→ **AVAILABLE DATA**:
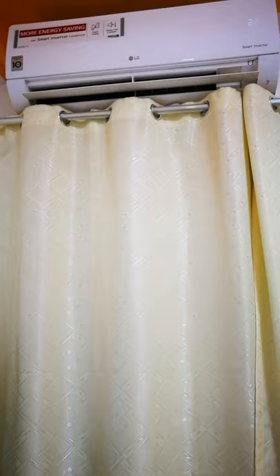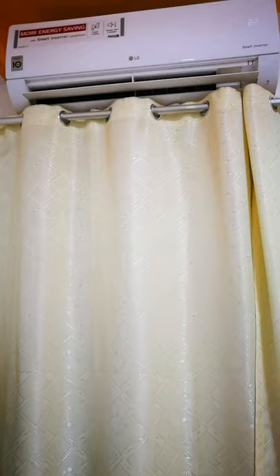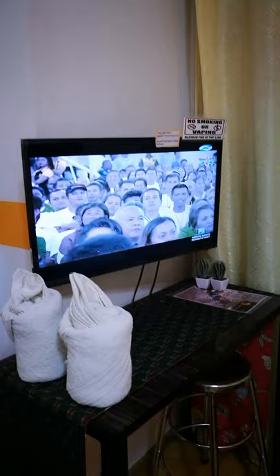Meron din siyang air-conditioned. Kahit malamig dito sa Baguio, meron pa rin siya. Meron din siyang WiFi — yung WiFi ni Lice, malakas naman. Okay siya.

* * *

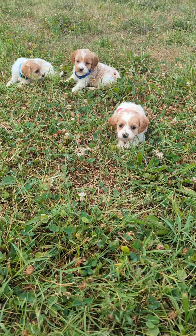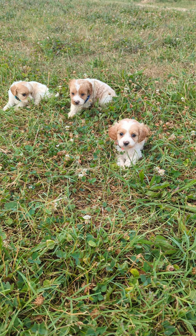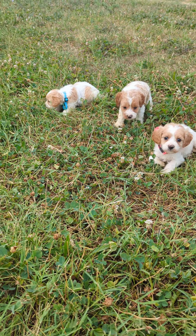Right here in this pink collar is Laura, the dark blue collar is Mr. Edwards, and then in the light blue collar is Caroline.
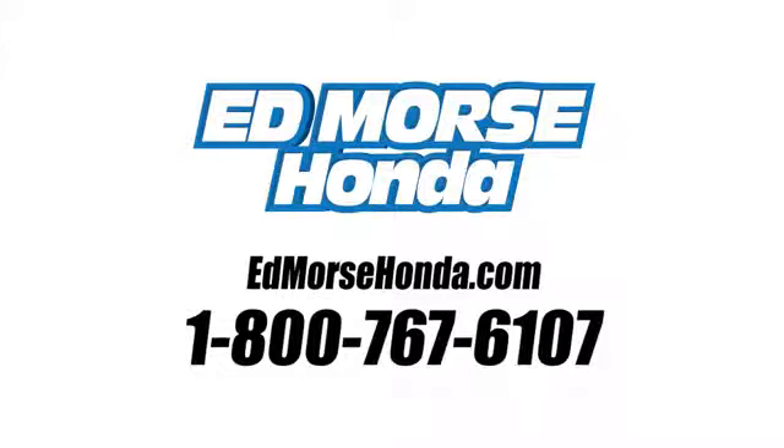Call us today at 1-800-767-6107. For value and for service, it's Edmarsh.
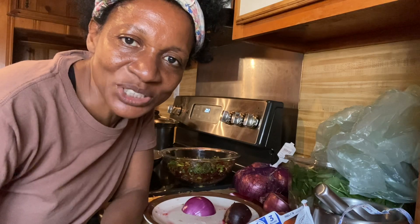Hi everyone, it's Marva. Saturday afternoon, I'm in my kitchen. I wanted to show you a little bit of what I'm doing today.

→ **GOAL OF THE EXERCISE**: Pictures excluded, transcribe the listing above exactly from the line with "Call us today" through the line with "Hi everyone, it's", and no further.

→ **TASK ANSWER**:
Call us today at 1-800-767-6107. For value and for service, it's Edmarsh.
Hi everyone, it's Marva. Saturday afternoon, I'm in my kitchen. I wanted to show you a little bit of what I'm doing today.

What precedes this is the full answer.